■ **WORK ORDER**
Please repeat the lines below exactly. Begin with the line containing "Cormeilles-En-Parisis to Survilliers map" and go on through the line containing "Green Cabbage Charger Plate".

■ **DATA UNDER STUDY**
+ + + + +

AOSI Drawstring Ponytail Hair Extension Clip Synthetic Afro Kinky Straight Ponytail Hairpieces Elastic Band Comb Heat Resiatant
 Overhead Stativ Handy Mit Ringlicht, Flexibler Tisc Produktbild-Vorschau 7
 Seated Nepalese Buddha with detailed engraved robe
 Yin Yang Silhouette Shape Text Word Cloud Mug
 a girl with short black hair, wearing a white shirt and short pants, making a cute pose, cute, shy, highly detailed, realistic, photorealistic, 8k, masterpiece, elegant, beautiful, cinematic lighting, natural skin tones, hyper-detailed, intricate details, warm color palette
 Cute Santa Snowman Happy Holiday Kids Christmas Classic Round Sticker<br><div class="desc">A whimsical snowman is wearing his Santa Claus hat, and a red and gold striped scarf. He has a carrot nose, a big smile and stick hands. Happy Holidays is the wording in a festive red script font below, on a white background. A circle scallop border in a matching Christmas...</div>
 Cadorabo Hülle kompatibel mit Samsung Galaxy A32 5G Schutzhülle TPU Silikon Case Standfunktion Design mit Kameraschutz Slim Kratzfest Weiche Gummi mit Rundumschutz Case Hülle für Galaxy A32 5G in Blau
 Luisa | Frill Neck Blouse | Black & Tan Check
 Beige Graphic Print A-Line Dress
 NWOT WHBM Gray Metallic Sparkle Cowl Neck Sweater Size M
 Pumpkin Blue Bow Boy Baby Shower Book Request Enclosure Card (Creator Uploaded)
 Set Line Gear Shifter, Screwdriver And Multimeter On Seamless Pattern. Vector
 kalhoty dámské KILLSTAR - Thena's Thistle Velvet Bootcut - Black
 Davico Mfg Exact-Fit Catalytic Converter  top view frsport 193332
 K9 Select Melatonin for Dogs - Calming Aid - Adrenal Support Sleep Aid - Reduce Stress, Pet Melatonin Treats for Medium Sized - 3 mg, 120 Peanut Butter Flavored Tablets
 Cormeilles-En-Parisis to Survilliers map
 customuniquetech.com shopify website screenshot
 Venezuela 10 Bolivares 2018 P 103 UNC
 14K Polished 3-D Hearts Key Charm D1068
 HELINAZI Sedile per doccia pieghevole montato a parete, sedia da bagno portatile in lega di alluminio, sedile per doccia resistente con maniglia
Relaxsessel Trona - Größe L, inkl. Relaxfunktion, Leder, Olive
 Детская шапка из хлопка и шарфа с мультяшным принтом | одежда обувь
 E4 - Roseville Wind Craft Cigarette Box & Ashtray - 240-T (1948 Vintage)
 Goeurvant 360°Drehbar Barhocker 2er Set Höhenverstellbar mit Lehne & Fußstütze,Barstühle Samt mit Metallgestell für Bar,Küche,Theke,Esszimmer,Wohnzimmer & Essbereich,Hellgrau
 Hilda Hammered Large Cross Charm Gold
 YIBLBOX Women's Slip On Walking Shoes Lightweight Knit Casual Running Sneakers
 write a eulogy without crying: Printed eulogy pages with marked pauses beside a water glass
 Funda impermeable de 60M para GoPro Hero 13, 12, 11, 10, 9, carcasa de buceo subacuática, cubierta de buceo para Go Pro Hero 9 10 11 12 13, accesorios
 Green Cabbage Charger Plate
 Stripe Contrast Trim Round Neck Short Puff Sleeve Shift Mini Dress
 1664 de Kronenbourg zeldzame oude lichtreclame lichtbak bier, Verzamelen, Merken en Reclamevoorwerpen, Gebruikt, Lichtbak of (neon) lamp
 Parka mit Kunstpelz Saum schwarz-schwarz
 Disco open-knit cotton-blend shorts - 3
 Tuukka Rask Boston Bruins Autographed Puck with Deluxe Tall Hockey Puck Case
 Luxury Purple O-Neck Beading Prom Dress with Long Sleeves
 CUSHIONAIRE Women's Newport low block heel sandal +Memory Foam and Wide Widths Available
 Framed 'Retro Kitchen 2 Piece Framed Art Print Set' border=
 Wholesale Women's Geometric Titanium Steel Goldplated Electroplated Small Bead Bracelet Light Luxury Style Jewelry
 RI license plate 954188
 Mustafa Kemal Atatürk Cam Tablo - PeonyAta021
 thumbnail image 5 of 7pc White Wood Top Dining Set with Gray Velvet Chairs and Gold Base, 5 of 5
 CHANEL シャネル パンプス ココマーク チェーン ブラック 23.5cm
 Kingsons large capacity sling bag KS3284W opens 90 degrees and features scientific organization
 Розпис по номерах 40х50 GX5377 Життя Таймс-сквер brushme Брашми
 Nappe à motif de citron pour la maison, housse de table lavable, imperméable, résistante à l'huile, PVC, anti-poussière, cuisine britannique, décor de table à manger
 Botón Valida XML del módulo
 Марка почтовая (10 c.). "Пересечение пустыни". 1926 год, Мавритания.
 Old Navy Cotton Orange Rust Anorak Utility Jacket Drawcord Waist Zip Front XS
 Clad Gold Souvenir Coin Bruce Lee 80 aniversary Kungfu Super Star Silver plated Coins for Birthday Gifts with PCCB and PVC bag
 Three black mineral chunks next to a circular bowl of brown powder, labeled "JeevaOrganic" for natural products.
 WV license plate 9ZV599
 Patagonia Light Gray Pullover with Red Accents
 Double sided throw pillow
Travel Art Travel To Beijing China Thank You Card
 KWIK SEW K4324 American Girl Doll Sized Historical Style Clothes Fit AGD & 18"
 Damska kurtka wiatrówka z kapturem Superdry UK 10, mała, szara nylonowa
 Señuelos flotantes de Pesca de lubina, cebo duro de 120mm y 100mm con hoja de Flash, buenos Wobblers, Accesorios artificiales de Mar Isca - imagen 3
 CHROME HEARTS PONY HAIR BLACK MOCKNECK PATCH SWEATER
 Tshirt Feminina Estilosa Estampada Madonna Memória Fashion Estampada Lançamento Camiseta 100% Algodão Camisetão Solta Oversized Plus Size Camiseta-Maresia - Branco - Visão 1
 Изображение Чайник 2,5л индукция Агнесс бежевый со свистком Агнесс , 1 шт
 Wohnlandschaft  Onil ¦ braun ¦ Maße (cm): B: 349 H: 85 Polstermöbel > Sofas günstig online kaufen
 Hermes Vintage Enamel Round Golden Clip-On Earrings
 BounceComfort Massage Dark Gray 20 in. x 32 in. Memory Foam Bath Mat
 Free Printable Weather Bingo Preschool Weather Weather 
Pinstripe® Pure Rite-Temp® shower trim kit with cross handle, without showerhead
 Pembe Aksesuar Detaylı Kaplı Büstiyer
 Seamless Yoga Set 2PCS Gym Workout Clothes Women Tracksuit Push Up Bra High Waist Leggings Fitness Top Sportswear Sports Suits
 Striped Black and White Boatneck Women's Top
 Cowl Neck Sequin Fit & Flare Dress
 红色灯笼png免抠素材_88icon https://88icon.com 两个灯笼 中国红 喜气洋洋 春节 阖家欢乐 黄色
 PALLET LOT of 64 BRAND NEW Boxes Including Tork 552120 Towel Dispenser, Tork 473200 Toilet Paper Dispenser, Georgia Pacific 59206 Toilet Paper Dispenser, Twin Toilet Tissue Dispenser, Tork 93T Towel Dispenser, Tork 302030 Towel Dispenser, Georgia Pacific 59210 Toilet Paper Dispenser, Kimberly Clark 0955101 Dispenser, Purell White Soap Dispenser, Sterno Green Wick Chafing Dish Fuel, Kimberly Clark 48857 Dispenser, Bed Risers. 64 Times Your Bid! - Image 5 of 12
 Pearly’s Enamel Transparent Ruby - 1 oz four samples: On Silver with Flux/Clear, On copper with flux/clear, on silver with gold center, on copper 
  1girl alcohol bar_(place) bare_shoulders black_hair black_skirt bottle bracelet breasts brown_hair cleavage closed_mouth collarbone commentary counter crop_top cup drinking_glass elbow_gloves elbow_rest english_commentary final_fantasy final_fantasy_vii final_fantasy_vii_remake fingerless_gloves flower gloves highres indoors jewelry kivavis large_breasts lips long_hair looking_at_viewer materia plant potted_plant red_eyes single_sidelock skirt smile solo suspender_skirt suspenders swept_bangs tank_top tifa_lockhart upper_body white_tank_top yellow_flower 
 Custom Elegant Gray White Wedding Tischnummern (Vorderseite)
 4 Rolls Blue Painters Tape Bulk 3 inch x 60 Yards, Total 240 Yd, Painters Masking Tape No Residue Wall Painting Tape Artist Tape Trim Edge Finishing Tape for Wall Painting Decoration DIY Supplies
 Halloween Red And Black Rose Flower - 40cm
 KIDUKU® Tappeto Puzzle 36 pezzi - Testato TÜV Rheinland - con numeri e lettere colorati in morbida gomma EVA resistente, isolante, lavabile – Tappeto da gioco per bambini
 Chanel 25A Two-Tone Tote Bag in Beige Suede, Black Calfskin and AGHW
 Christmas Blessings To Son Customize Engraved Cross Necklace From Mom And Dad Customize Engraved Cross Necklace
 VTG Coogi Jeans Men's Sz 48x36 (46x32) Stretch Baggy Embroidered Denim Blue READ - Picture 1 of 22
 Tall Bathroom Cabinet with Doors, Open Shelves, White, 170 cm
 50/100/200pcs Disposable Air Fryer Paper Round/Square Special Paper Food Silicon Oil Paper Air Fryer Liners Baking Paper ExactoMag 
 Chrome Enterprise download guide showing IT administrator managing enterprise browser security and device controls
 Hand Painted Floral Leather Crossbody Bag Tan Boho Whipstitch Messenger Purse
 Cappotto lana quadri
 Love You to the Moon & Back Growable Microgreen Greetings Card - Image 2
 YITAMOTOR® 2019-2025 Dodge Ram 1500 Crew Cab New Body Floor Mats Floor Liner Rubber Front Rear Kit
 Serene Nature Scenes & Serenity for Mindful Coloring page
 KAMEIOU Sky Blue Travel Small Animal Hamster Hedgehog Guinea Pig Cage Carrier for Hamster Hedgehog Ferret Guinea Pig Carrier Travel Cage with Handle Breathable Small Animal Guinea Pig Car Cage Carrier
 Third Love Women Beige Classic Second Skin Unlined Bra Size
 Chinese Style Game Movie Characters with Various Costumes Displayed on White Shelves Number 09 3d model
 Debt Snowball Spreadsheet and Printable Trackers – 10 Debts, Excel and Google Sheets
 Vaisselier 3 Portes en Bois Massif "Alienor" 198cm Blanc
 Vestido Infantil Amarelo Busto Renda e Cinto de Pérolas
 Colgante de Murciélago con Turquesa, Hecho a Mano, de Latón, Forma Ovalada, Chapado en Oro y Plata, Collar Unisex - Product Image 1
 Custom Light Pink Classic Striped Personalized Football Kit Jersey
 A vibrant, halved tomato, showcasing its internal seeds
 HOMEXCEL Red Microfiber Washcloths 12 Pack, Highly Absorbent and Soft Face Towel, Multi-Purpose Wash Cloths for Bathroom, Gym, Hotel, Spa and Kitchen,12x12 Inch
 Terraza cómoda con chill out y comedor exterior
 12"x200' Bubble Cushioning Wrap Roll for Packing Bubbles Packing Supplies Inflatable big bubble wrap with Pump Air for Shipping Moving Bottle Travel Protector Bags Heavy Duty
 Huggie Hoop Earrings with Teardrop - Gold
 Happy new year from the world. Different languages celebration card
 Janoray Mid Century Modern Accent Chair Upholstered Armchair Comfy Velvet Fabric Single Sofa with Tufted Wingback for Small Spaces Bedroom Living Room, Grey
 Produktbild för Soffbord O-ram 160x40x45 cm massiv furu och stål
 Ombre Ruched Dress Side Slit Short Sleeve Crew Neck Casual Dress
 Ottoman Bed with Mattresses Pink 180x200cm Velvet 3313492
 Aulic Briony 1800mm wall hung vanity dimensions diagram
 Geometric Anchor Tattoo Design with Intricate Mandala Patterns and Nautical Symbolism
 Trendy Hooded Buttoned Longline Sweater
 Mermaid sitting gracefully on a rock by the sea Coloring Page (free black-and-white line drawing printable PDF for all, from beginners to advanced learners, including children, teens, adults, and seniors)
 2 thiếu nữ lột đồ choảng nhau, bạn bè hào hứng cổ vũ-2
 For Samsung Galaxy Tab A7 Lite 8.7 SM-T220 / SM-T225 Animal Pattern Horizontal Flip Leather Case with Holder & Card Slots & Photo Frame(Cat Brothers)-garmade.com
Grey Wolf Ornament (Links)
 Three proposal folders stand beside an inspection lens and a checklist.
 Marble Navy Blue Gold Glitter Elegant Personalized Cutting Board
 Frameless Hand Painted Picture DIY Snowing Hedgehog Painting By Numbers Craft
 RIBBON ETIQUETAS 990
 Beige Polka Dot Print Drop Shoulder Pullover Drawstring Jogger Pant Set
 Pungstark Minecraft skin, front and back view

+ + + + +

■ **YOUR RESPONSE**
 Cormeilles-En-Parisis to Survilliers map
 customuniquetech.com shopify website screenshot
 Venezuela 10 Bolivares 2018 P 103 UNC
 14K Polished 3-D Hearts Key Charm D1068
 HELINAZI Sedile per doccia pieghevole montato a parete, sedia da bagno portatile in lega di alluminio, sedile per doccia resistente con maniglia
Relaxsessel Trona - Größe L, inkl. Relaxfunktion, Leder, Olive
 Детская шапка из хлопка и шарфа с мультяшным принтом | одежда обувь
 E4 - Roseville Wind Craft Cigarette Box & Ashtray - 240-T (1948 Vintage)
 Goeurvant 360°Drehbar Barhocker 2er Set Höhenverstellbar mit Lehne & Fußstütze,Barstühle Samt mit Metallgestell für Bar,Küche,Theke,Esszimmer,Wohnzimmer & Essbereich,Hellgrau
 Hilda Hammered Large Cross Charm Gold
 YIBLBOX Women's Slip On Walking Shoes Lightweight Knit Casual Running Sneakers
 write a eulogy without crying: Printed eulogy pages with marked pauses beside a water glass
 Funda impermeable de 60M para GoPro Hero 13, 12, 11, 10, 9, carcasa de buceo subacuática, cubierta de buceo para Go Pro Hero 9 10 11 12 13, accesorios
 Green Cabbage Charger Plate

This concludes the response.